To scholars and social critics, racism in our neighborhoods has long been viewed as a manifestation of unscrupulous real estate agents, unethical mortgage lenders, and exclusionary covenants working outside the law. This is what is commonly known as “de facto segregation,” practices that were the outcome of private, not legal or public policy, means. Yet, as Rothstein breaks down in case after case, until the last quarter of the twentieth century de facto paled in comparison to de jure (government-sponsored) segregation.

Rothstein has spent years documenting the evidence that government not merely ignored discriminatory practices in the residential sphere, but promoted them.

The impact has been devastating for generations of African Americans who were denied the right to live where they wanted to live, and raise and school their children where they thought best.

While the Fair Housing Act in 1968 provided modest enforcement to prevent future discrimination, it did nothing to reverse or undo a century’s worth of state-sanctioned violations of the Bill of Rights, particularly the 13th amendment, which banned treating former slaves as second-class citizens. So the structural conditions established by 20th century federal policy endure to this day.

At every step of the way he shows that the government upheld racist policies to maintain the separation of whites and blacks.
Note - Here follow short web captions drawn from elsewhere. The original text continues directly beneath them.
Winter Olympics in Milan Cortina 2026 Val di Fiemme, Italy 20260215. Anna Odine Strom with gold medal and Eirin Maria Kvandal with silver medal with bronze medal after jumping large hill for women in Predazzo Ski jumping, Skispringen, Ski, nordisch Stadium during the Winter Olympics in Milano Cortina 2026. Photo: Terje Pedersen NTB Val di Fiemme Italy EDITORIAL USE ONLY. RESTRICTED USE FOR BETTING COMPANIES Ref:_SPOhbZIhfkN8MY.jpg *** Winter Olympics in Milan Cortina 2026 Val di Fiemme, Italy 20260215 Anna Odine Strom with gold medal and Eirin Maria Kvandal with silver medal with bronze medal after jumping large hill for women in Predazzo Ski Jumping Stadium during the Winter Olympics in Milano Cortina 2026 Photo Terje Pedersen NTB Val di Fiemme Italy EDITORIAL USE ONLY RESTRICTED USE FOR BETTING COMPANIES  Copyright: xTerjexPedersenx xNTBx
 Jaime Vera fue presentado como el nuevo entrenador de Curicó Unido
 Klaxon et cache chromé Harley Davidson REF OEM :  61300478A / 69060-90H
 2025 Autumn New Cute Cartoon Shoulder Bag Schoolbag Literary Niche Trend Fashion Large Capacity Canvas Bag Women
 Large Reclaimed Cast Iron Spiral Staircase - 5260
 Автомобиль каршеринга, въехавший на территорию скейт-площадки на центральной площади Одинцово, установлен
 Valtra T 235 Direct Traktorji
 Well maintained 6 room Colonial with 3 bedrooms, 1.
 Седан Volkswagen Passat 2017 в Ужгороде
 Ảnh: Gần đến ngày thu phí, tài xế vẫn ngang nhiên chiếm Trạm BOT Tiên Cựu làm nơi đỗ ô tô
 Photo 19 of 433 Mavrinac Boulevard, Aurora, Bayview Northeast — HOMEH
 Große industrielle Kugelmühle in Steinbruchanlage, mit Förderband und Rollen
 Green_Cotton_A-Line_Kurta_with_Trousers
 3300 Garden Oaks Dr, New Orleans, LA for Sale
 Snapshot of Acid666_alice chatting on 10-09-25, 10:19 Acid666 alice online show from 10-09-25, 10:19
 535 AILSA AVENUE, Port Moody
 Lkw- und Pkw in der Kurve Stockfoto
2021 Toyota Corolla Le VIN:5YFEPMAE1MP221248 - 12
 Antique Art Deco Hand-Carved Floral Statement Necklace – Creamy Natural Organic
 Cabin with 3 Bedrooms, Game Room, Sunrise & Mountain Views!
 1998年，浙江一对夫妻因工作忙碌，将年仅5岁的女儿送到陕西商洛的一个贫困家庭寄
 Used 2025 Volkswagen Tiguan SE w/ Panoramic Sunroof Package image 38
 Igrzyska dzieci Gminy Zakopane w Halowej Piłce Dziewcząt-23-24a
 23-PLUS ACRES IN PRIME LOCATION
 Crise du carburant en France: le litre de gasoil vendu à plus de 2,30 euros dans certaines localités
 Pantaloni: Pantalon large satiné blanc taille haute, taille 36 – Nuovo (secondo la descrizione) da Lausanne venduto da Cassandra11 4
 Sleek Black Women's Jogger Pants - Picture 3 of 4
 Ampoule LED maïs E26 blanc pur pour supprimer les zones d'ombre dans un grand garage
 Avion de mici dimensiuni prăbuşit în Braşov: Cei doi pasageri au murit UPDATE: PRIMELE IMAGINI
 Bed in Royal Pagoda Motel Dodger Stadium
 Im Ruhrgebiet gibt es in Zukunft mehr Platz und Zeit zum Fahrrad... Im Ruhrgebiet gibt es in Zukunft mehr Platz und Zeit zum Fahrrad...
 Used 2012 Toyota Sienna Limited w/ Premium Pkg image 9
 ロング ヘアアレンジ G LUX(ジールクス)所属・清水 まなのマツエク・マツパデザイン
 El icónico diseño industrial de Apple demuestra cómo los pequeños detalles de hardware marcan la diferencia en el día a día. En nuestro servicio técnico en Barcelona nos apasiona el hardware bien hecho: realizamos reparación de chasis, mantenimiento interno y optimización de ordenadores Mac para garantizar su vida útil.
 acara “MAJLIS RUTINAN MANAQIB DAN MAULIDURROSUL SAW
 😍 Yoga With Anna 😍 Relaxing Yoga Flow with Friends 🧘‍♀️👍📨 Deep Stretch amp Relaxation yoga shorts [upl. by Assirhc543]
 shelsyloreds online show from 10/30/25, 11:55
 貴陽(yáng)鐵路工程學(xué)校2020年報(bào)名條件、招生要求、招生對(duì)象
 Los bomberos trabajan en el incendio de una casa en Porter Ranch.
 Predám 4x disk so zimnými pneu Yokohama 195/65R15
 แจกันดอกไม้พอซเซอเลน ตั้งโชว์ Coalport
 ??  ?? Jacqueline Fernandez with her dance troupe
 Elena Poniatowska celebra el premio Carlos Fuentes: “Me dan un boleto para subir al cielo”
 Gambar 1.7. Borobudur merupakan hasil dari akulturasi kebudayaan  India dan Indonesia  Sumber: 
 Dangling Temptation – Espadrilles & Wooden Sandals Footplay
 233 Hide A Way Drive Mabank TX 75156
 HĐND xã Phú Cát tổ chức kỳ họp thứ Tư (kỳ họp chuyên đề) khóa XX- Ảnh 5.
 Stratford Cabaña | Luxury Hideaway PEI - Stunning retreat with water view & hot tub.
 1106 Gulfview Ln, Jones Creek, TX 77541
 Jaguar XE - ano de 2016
Leading to concentrated poverty and limited income mobility, segregation and the powder keg which has recently defined Ferguson, Baltimore, Charleston, and Milwaukee. The Color of Law is not a tale of Red versus Blue states. It is sadly the story of America in all of its municipalities, large and small, liberal and reactionary.

“We cannot address our nation’s firmly embedded racial inequalities unless we first can acknowledge how we got where we are, including the conscious creation of racial residential segregation,” said Lawrence Mishel, President of the Economic Policy Institute.

In addition to his work at EPI, Rothstein is a Fellow at the Thurgood Marshall Institute of the NAACP Legal Defense Fund.